Dataset records
[Start of Attachment]

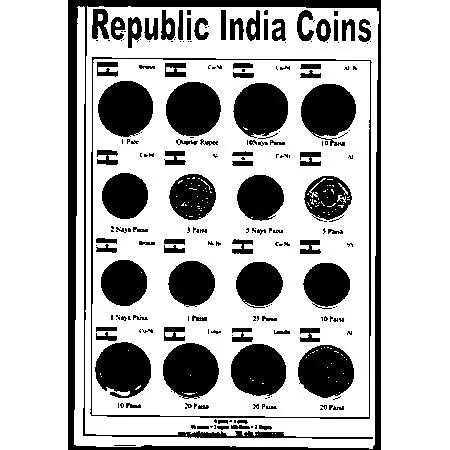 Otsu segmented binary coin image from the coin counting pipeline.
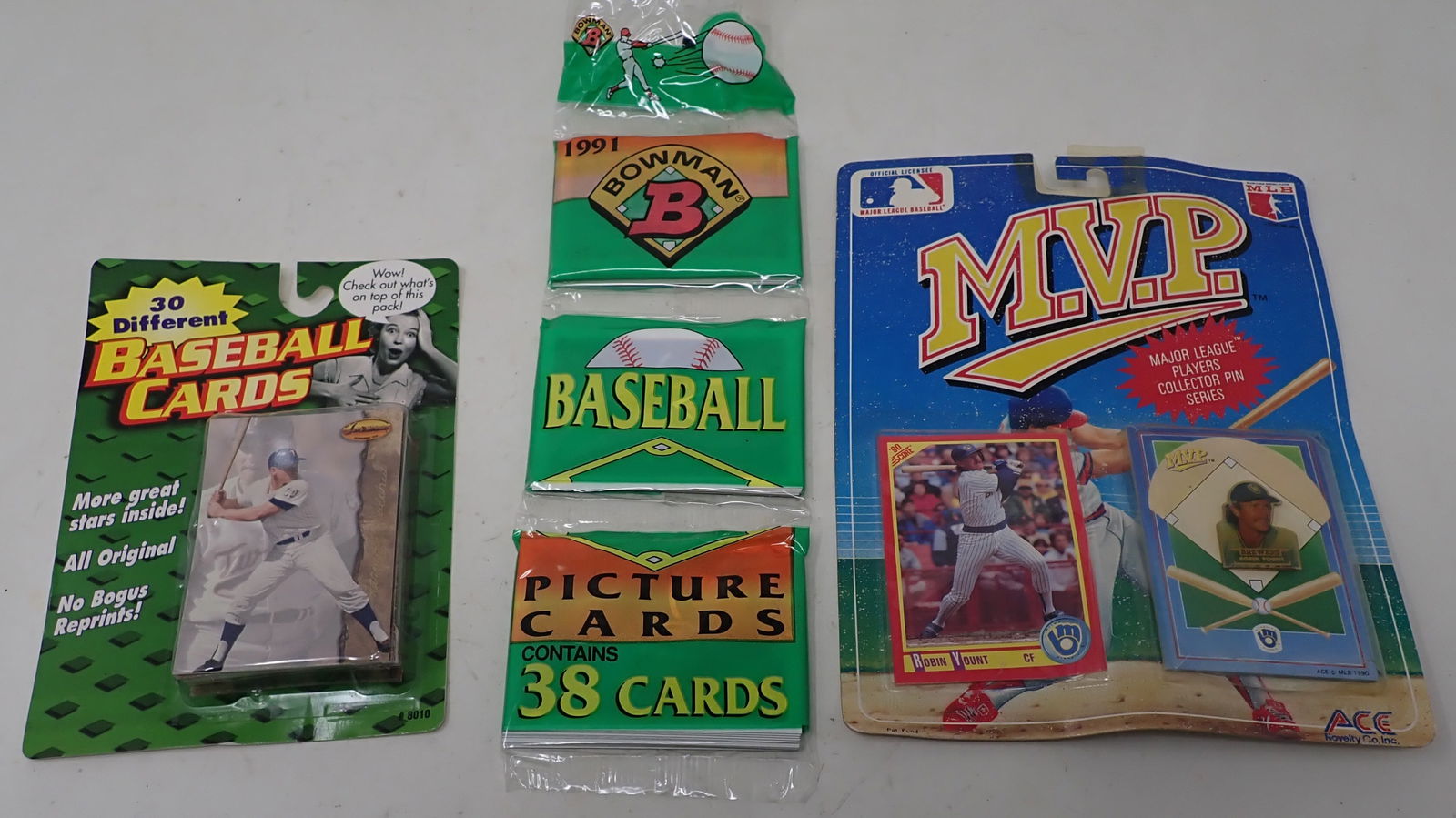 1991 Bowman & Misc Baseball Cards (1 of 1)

[End of Attachment]
[Start of Attachment]

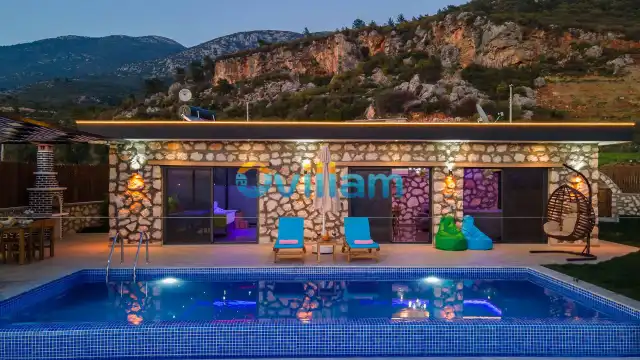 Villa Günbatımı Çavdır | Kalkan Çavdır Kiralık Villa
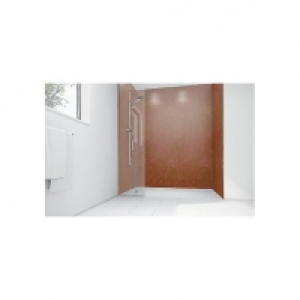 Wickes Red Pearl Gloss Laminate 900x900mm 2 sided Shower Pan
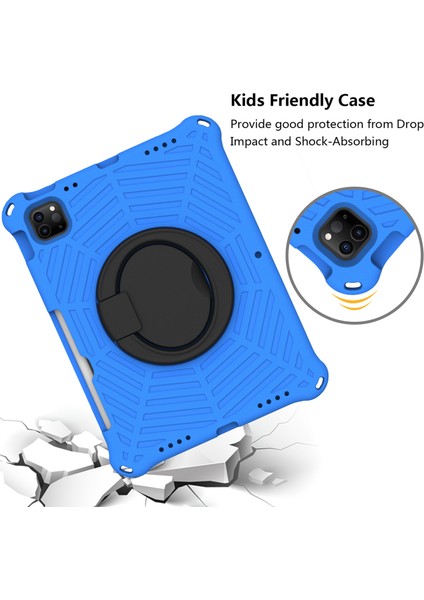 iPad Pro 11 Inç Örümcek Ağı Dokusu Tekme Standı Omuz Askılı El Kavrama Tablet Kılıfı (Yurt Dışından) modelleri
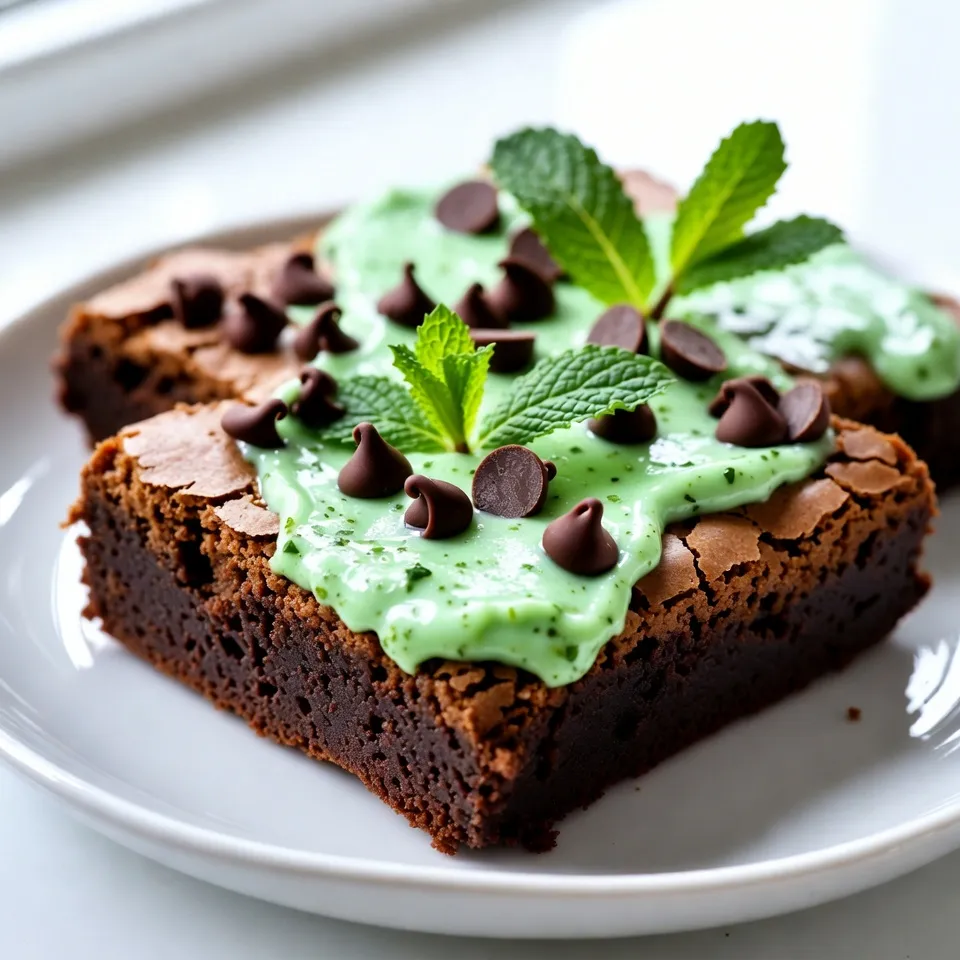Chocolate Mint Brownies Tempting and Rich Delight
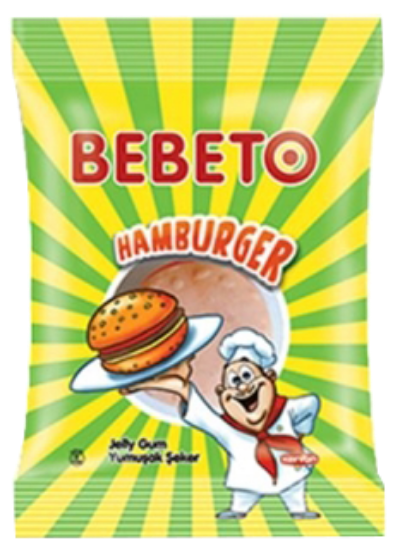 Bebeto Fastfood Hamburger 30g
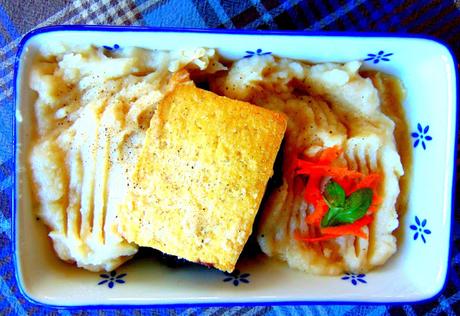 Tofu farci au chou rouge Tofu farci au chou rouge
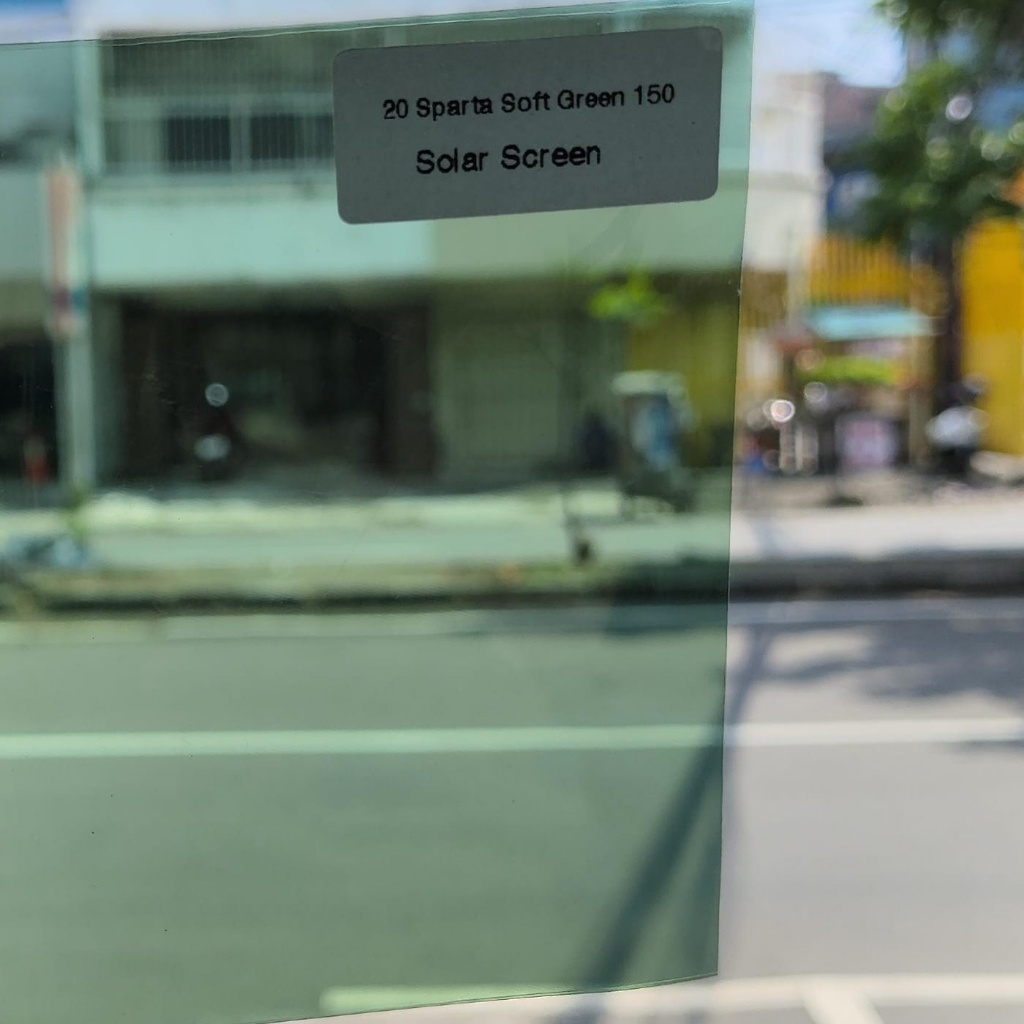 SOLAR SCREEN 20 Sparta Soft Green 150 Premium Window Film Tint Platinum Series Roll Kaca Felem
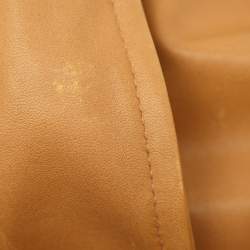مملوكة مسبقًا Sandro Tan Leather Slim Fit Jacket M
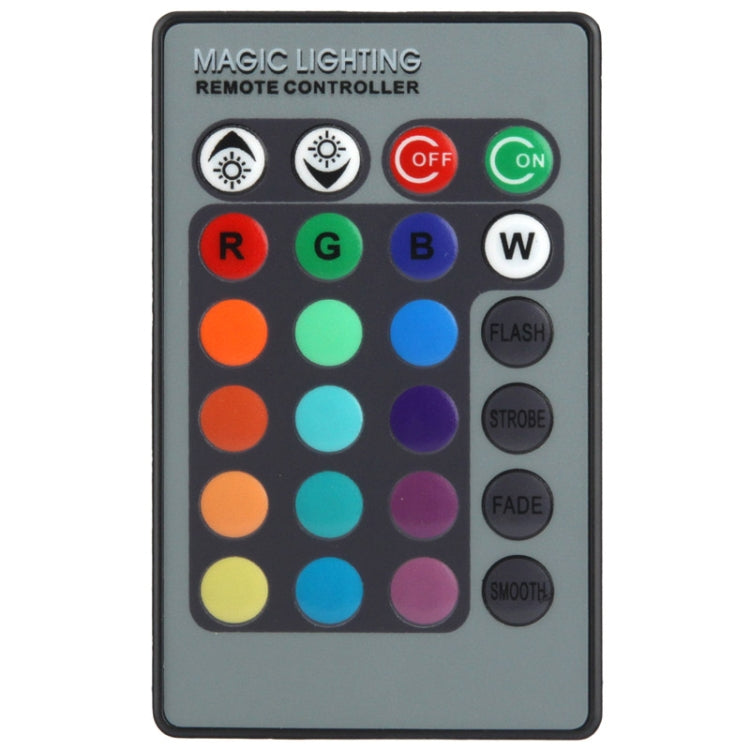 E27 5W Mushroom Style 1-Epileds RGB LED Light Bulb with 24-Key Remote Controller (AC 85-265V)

[End of Attachment]

Work to complete
Each line above that falls between the line with "مملوكة مسبقًا Sandro" and the line with "E27 5W Mushroom" should be printed exactly, together with those two lines, but the pictures should not.

Output for this task
مملوكة مسبقًا Sandro Tan Leather Slim Fit Jacket M
 E27 5W Mushroom Style 1-Epileds RGB LED Light Bulb with 24-Key Remote Controller (AC 85-265V)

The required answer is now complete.